Work required — Print the data that follows again, keeping every line exact.

Segment Start: Supplied material

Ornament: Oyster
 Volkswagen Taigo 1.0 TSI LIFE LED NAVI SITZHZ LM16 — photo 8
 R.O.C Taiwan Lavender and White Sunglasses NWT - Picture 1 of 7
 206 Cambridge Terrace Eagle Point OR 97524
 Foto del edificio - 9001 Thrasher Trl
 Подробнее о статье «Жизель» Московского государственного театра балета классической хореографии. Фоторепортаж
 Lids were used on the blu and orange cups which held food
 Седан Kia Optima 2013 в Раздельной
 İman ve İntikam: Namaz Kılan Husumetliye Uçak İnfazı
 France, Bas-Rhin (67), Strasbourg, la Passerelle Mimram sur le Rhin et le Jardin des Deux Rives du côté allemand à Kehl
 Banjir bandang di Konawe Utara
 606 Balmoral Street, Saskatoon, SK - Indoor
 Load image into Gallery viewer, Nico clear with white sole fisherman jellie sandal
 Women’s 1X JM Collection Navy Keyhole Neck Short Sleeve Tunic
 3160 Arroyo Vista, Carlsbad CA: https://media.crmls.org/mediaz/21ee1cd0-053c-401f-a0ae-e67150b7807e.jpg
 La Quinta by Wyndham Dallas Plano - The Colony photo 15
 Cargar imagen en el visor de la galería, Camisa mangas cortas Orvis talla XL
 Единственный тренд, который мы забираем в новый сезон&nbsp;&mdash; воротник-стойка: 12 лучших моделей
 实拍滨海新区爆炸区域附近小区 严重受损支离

Segment End: Supplied material

Output of the task —
Ornament: Oyster
 Volkswagen Taigo 1.0 TSI LIFE LED NAVI SITZHZ LM16 — photo 8
 R.O.C Taiwan Lavender and White Sunglasses NWT - Picture 1 of 7
 206 Cambridge Terrace Eagle Point OR 97524
 Foto del edificio - 9001 Thrasher Trl
 Подробнее о статье «Жизель» Московского государственного театра балета классической хореографии. Фоторепортаж
 Lids were used on the blu and orange cups which held food
 Седан Kia Optima 2013 в Раздельной
 İman ve İntikam: Namaz Kılan Husumetliye Uçak İnfazı
 France, Bas-Rhin (67), Strasbourg, la Passerelle Mimram sur le Rhin et le Jardin des Deux Rives du côté allemand à Kehl
 Banjir bandang di Konawe Utara
 606 Balmoral Street, Saskatoon, SK - Indoor
 Load image into Gallery viewer, Nico clear with white sole fisherman jellie sandal
 Women’s 1X JM Collection Navy Keyhole Neck Short Sleeve Tunic
 3160 Arroyo Vista, Carlsbad CA: https://media.crmls.org/mediaz/21ee1cd0-053c-401f-a0ae-e67150b7807e.jpg
 La Quinta by Wyndham Dallas Plano - The Colony photo 15
 Cargar imagen en el visor de la galería, Camisa mangas cortas Orvis talla XL
 Единственный тренд, который мы забираем в новый сезон&nbsp;&mdash; воротник-стойка: 12 лучших моделей
 实拍滨海新区爆炸区域附近小区 严重受损支离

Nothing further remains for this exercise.